The Supreme Court looked at Donald Trump's request to throw out a $5 million civil verdict finding he sexually abused and defamed E. Jean Carroll, and said no. Just flat out no. Trump, a man who has spent years insisting he never even met Carroll, is stuck with the bill.
What Just Happened
The Supreme Court on Monday declined to review the verdict against Trump, according to Axios. That verdict, handed down by a federal jury, found that Trump sexually abused writer E. Jean Carroll and then defamed her by publicly calling her a liar. The award: five million dollars.
This is not a new fight. Trump has been trying to kill this case for years, throwing every legal argument his team could manufacture at the wall.
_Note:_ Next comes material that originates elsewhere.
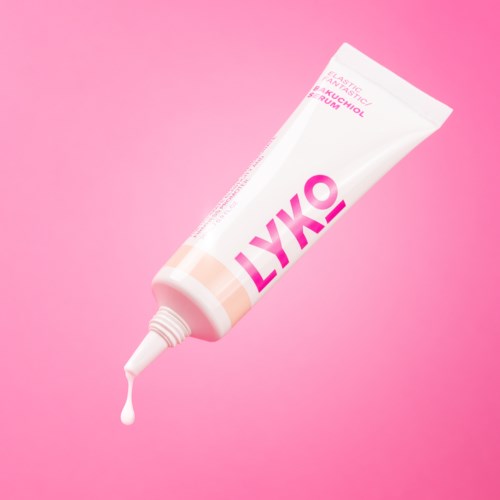 Witte tube met huidverzorgingsproduct met roze en oranje accenten, gelabeld LYKO, op roze achtergrond.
The highest court in the land just told him nothing stuck.
Trump's Very Normal, Not-At-All-Unhinged Response
Trump, being Trump, took to his platform to share his feelings about the ruling. "Surprisingly, the Supreme Court declined to 'review' a Fake Case brought against me by a woman I never met (Decades old celebrity photo line, standing with her husband, does not count!)," he wrote, according to Axios.
Let's sit with that for a second. The sitting president of the United States is posting, in real time, about a photo that proves he did in fact meet the woman he claims he never met, while using that photo as his defense for why the case is fake. The parenthetical is doing a lot of work there. A lot of work.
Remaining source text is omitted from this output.